Non-Megaloblastic Macrocytosis — Key Differentiating Features

Six-panel diagram showing different causes of non-megaloblastic macrocytosis including blood smear appearances and underlying mechanisms — **Panel A:** Non-megaloblastic blood smear showing round macrocytes without hypersegmented neutrophils. **Panel B:** Chronic alcohol effect showing membrane lipid changes, GGT elevation, and round macrocytes. **Panel C:** Hypothyroidism with TSH elevation, bradycardia, and associated macrocytosis. **Panel D:** Liver disease showing acanthocytes, target cells, and increased membrane cholesterol. **Panel E:** Reticulocytosis demonstrating size comparison between young reticulocytes and mature RBCs. **Panel F:** MDS bone marrow showing dysplastic features and ring sideroblasts.

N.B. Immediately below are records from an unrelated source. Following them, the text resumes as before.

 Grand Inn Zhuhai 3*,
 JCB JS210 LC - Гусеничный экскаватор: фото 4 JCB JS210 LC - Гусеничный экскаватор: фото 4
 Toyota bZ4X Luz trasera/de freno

When the MCV is raised but smear shows round macrocytes without hypersegmented neutrophils, and B12/folate are normal, consider:

Cause	Mechanism	Clue
Alcohol (chronic)	Membrane lipid effect; also nutritional folate deficiency coexists	History, round macrocytes, GGT ↑, transaminases ↑
Liver disease	↑ Membrane cholesterol → acanthocytes + round macrocytes	LFTs, target cells, may also have thrombocytopenia
Hypothyroidism	Reduced erythropoietin + altered metabolism	TSH ↑, T4 ↓, bradycardia, cold intolerance
Reticulocytosis	Young reticulocytes are 20–30% larger than mature RBCs	High reticulocyte count; look for haemolysis/haemorrhage
MDS	Dyserythropoiesis; clonal disease	Dysplastic features in all lineages; ring sideroblasts; BM shows dysplasia

Key distinction: None of the above produce hypersegmented neutrophils or macro-ovalocytes — those are the megaloblastic signature and are absent in non-megaloblastic macrocytosis.

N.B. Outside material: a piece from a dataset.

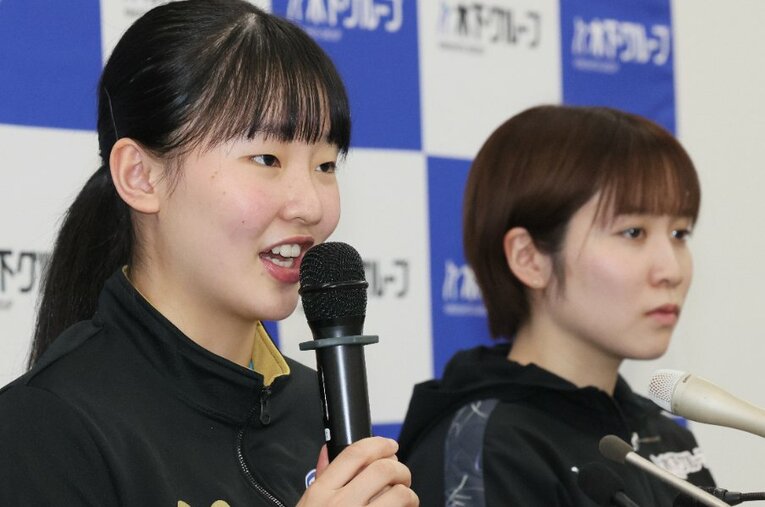 パリ五輪の出場予定選手に選ばれた張本美和と平野美宇 ／ photograph by JIJI PRESS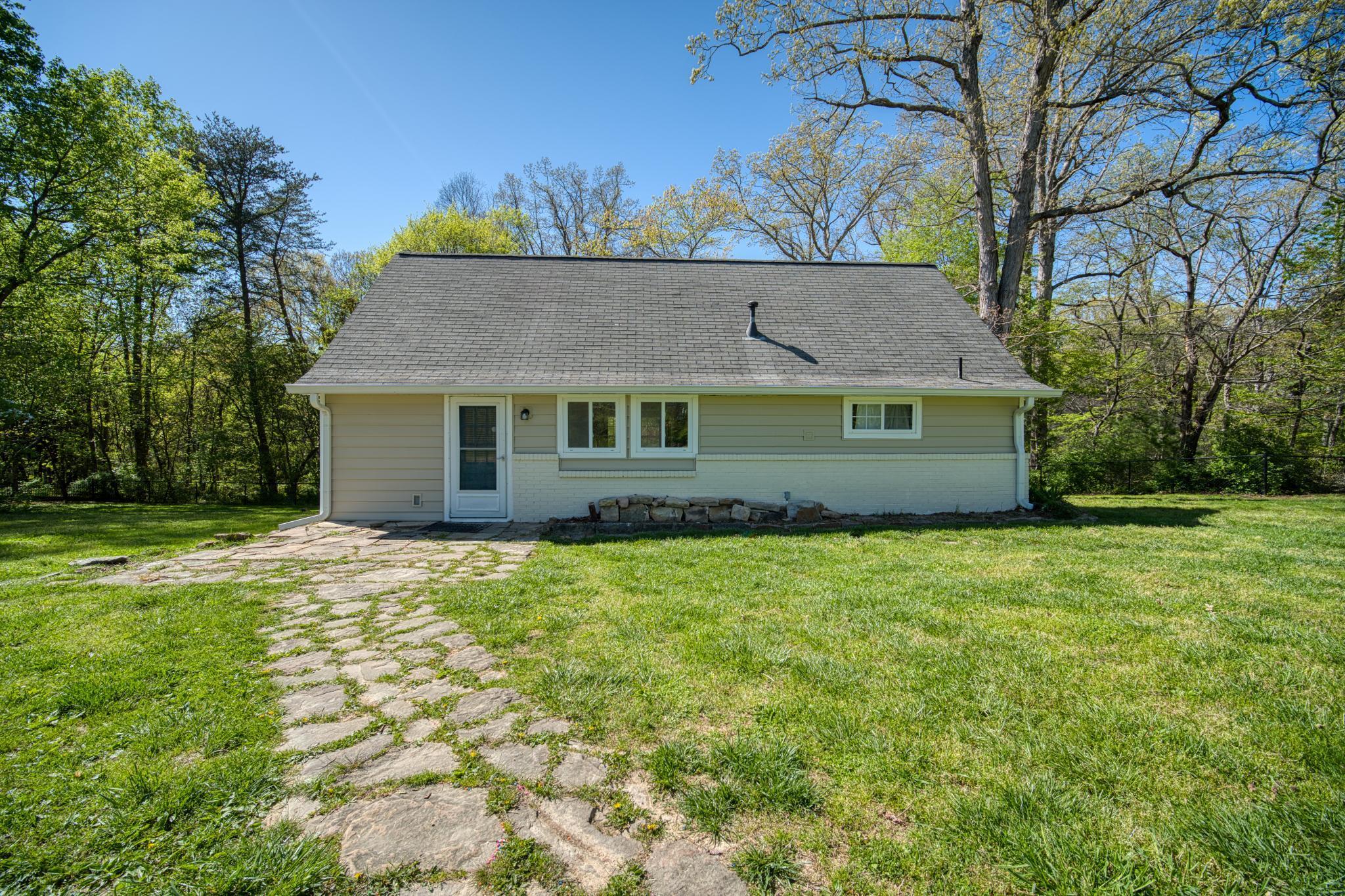 2409 Altura Drive, Signal Mountain, Tennessee image 5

Schilling test (historical note): The two-stage Schilling test used radiolabelled oral B12 to locate the site of B12 malabsorption (gastric/IF problem vs intestinal). Stage 1: B12 alone (low urinary excretion = malabsorption). Stage 2: B12 + IF (corrects if pernicious anaemia). Now largely replaced by anti-IF antibodies, endoscopy, and metabolite assays — but still appears in exam questions.

SELF-CHECK

Which combination of findings is MOST specific for megaloblastic anaemia as opposed to any other cause of macrocytosis?

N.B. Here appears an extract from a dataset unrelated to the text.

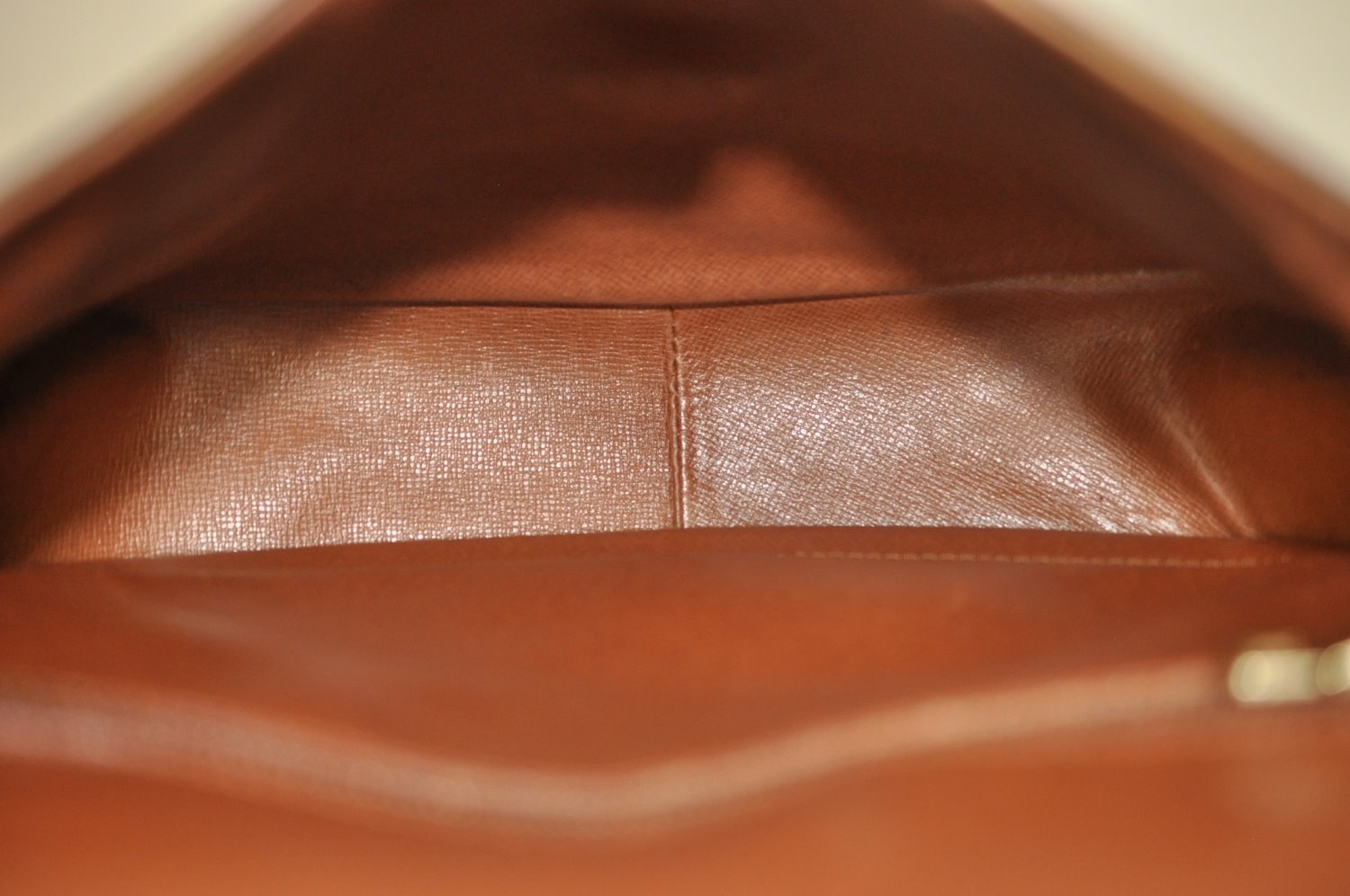 Authentic Louis Vuitton Monogram Saint Cloud GM M51242 Shoulder Cross Bag 2895J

A. MCV >110 fL with raised serum LDH

B. Oval macrocytes with hypersegmented neutrophils on peripheral smear

C. Pancytopenia with hypercellular bone marrow

D. Raised homocysteine with normal MMA

Reveal Answer

Answer: B. Oval macrocytes with hypersegmented neutrophils on peripheral smear

Oval macrocytes (macro-ovalocytes) + hypersegmented neutrophils is the pathognomonic peripheral smear combination for megaloblastic anaemia. Raised LDH occurs in many haemolytic and ineffective states. Pancytopenia with hypercellular marrow is also seen in megaloblastic anaemia but can occur in other infiltrative marrow conditions. Raised homocysteine with normal MMA points to folate deficiency (a subtype of megaloblastic disease), but the smear findings are the direct diagnostic signature regardless of cause.